[Caption-style text data]

☆ ☆ ☆ ☆ ☆

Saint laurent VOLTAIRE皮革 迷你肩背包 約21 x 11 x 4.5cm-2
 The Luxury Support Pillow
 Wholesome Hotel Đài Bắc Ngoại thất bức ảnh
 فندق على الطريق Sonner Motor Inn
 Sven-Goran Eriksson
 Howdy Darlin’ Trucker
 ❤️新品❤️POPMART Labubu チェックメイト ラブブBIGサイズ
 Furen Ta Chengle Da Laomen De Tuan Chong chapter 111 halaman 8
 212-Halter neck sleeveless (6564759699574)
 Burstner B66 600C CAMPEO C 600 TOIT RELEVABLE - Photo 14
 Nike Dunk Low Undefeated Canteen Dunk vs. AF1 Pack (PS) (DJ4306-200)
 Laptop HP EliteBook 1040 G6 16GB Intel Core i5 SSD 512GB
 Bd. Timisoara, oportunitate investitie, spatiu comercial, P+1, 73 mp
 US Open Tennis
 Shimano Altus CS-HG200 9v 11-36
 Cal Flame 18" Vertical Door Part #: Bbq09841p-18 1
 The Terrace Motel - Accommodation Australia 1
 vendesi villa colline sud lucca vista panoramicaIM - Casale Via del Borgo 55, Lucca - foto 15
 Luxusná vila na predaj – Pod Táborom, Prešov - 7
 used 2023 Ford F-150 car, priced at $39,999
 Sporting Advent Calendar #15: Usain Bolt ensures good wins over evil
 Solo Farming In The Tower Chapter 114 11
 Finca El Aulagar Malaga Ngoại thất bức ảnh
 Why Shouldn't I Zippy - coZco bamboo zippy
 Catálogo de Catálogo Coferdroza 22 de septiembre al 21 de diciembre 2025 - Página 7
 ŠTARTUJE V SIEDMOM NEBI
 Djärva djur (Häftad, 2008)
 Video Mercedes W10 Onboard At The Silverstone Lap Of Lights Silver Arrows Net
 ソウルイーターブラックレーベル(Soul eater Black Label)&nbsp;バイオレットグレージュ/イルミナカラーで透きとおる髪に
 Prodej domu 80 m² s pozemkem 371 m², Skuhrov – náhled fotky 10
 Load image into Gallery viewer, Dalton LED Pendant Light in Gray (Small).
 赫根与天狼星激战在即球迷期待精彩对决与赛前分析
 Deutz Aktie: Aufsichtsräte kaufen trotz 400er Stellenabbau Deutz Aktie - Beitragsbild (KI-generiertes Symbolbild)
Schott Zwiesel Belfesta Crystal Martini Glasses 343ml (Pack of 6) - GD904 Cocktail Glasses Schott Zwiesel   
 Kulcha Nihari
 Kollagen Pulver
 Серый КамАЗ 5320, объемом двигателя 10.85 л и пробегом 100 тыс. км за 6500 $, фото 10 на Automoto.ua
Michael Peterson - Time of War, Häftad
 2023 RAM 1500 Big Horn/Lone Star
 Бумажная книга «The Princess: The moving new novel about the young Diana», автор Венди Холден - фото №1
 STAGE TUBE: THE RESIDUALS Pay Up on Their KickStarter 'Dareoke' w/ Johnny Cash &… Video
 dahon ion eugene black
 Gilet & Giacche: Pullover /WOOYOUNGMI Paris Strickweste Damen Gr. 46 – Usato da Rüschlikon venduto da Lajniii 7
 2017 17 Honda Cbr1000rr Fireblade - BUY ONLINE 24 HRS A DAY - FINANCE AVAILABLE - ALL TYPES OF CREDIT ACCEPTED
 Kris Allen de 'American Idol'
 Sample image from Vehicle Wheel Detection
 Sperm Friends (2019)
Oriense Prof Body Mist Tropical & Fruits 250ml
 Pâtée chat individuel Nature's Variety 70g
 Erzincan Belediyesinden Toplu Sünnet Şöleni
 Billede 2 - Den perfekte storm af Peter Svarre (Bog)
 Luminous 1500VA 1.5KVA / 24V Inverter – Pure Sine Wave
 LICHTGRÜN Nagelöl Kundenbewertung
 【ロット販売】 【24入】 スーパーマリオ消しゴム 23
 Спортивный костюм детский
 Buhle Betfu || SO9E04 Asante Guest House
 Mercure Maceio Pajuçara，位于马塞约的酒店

☆ ☆ ☆ ☆ ☆

WORK ITEM » Return only the exact lines from the opening of the records through the line that contains "vendesi villa colline", both included.

YOUR RESPONSE »
Saint laurent VOLTAIRE皮革 迷你肩背包 約21 x 11 x 4.5cm-2
 The Luxury Support Pillow
 Wholesome Hotel Đài Bắc Ngoại thất bức ảnh
 فندق على الطريق Sonner Motor Inn
 Sven-Goran Eriksson
 Howdy Darlin’ Trucker
 ❤️新品❤️POPMART Labubu チェックメイト ラブブBIGサイズ
 Furen Ta Chengle Da Laomen De Tuan Chong chapter 111 halaman 8
 212-Halter neck sleeveless (6564759699574)
 Burstner B66 600C CAMPEO C 600 TOIT RELEVABLE - Photo 14
 Nike Dunk Low Undefeated Canteen Dunk vs. AF1 Pack (PS) (DJ4306-200)
 Laptop HP EliteBook 1040 G6 16GB Intel Core i5 SSD 512GB
 Bd. Timisoara, oportunitate investitie, spatiu comercial, P+1, 73 mp
 US Open Tennis
 Shimano Altus CS-HG200 9v 11-36
 Cal Flame 18" Vertical Door Part #: Bbq09841p-18 1
 The Terrace Motel - Accommodation Australia 1
 vendesi villa colline sud lucca vista panoramicaIM - Casale Via del Borgo 55, Lucca - foto 15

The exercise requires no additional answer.